■ **Goal of the exercise**:
Every line below from the one with "PA license plate JYF6300" through the one with "By Frankie Racer" should be retyped exactly, both ends included; no other lines and no pictures.

■ **Material for this exercise**:
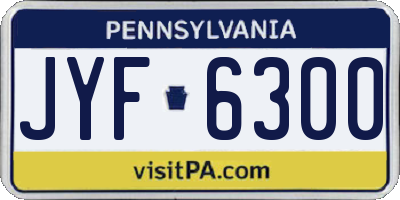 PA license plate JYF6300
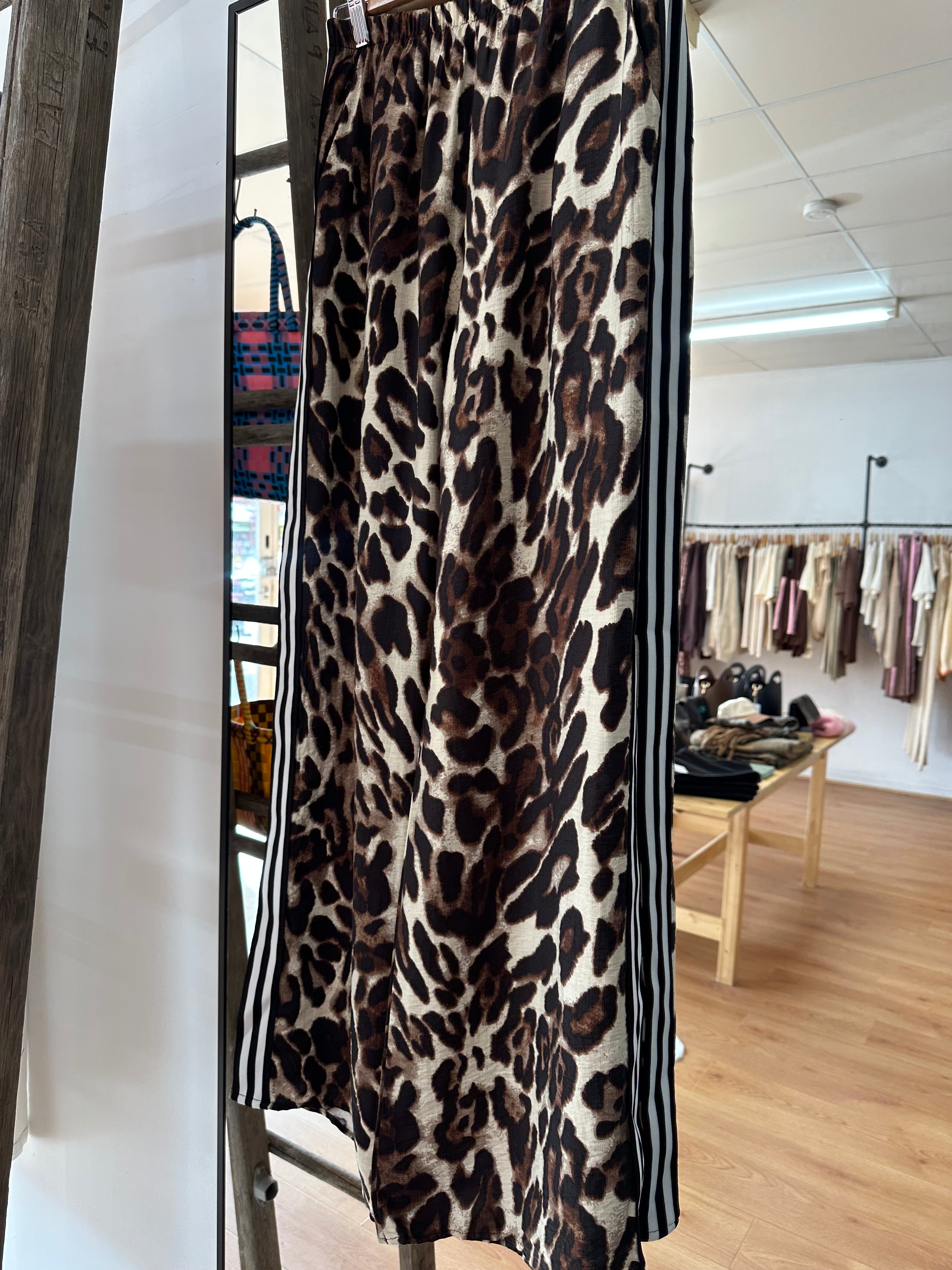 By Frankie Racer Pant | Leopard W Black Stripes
---
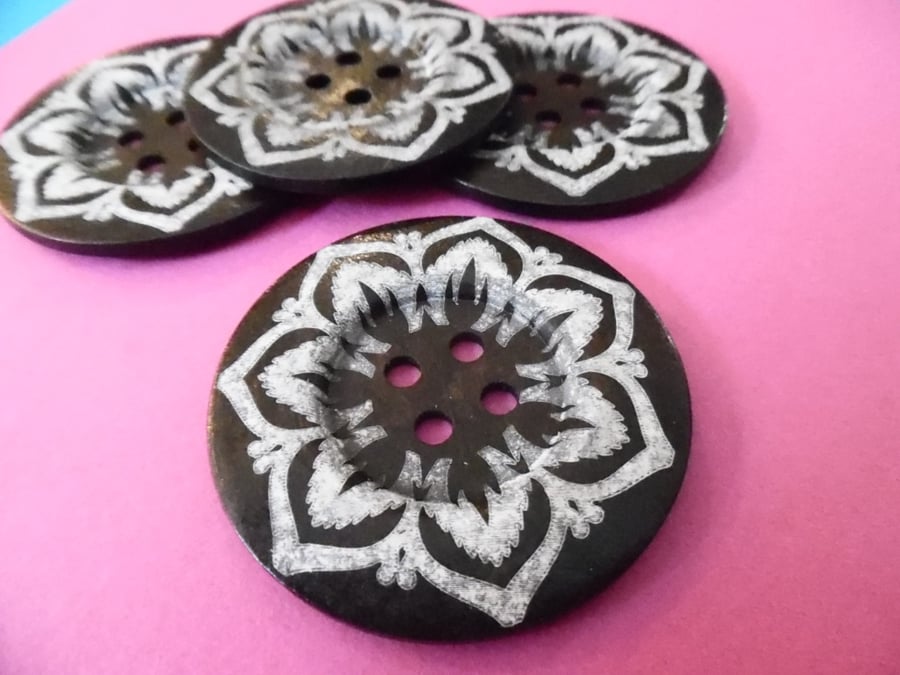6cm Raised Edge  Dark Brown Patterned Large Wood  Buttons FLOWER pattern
==
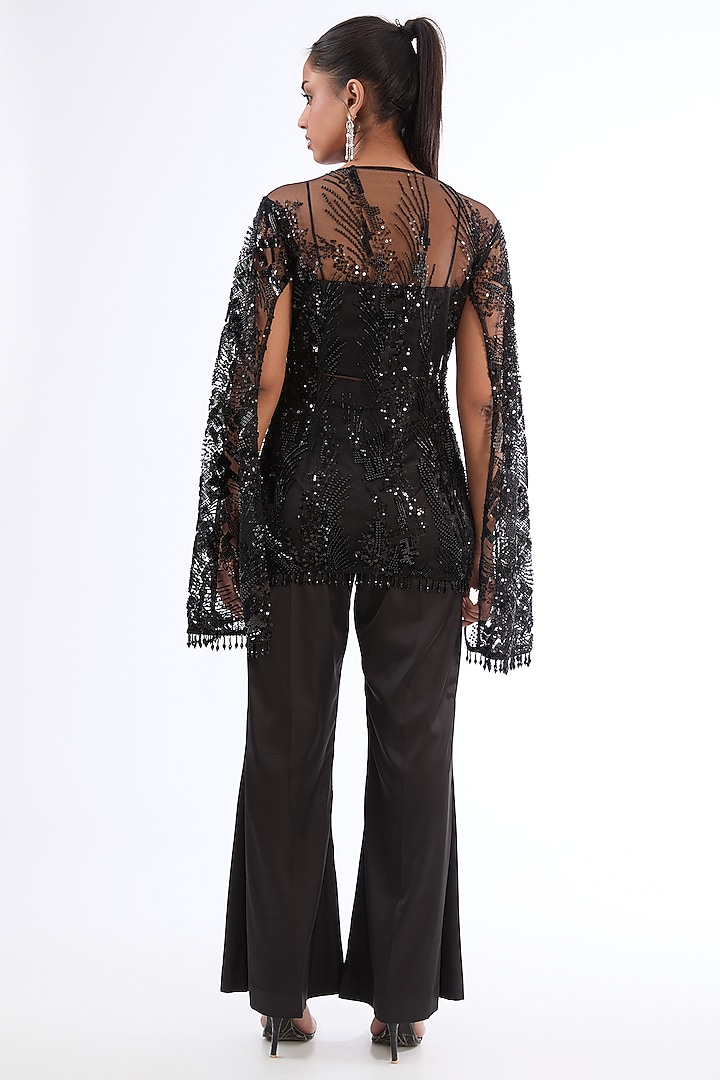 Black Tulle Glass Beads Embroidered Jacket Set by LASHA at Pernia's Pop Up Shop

■ **Written solution**:
 PA license plate JYF6300
 By Frankie Racer Pant | Leopard W Black Stripes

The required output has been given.